W 1945 r. część mieszkańców powróciło do swoich domostw. Zastali oni zniszczone i zrabowane gospodarstwa. Obie tablice pamiątkowe mają pokazać, że społeczność Żywiecczyzny pamięta o jednym z najtragiczniejszych momentów w historii regionu. Obie tablice zostały poświęcone przez ks. prał. Stanisława Kozieła, proboszcza żywieckiej parafii pw. św. Floriana w Żywcu-Zabłociu. Podczas odsłonięcia tablicy wspominał pierwszego proboszcza tej parafii ks. Stanisława Słonkę. Kapłan ten z narażeniem życia prowadził w księgach parafialnych zapisy na temat akcji wysiedleńczej. Z notatek wyłania obraz represji, który prowadzili hitlerowcy wobec mieszkańców Zabłocia - powiedział podczas uroczystości rocznicowych ks. Stanisław Kozieł.

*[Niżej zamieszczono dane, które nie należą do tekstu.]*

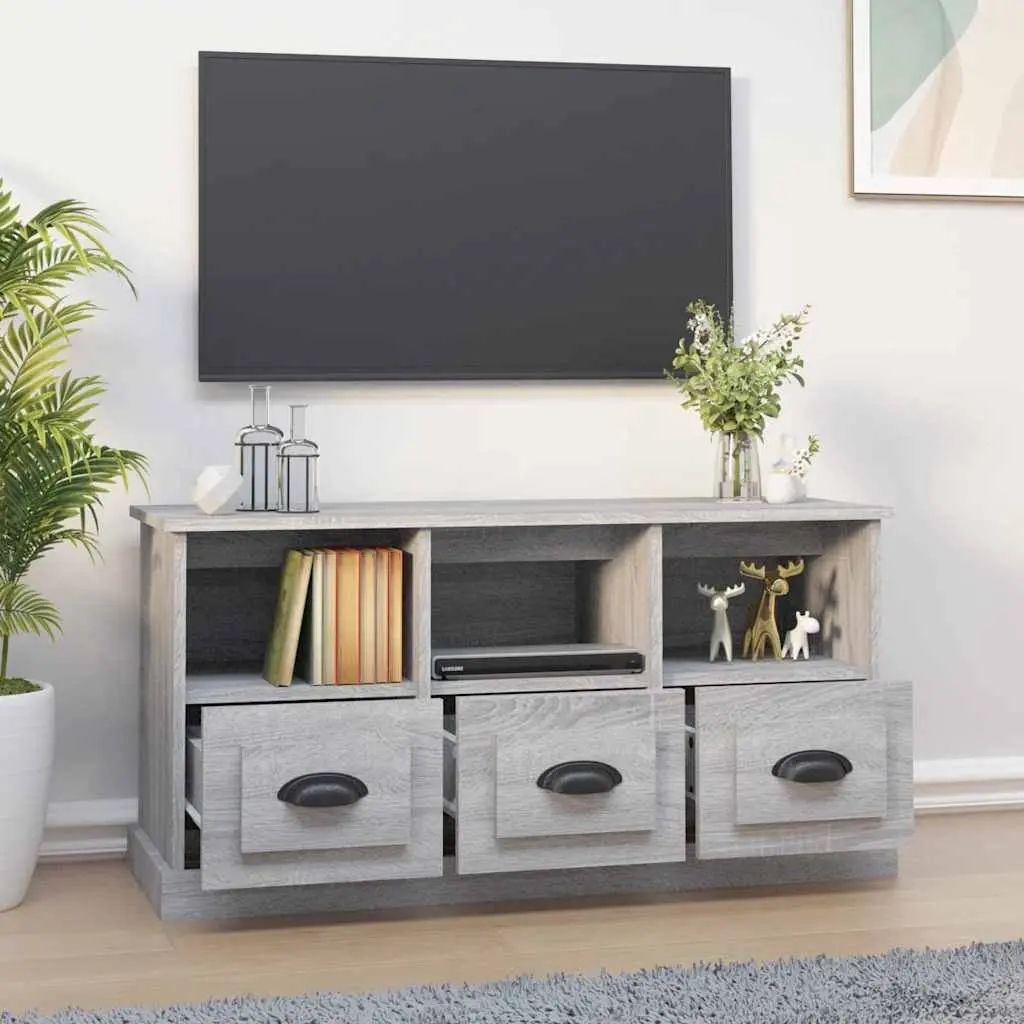 TV Cabinet Grey Sonoma Engineered Wood 100x35x50cm Storage Unit with Drawers Open Compartments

Tablice były jednym z elementów upamiętniających ofiary Saybusch Aktion. W ramach uroczystości rocznicowych 22 września w Muzeum Miejskim otwarto wystawę pt. „70. rocznica wysiedleń z Żywiecczyzny”. Na ekspozycji można zobaczyć dokumenty, zdjęcia obrazujące te jedne z najtragiczniejszych wydarzeń w historii regionu. Ekspozycja została przygotowana przez Instytut Pamięci Narodowej w Katowicach.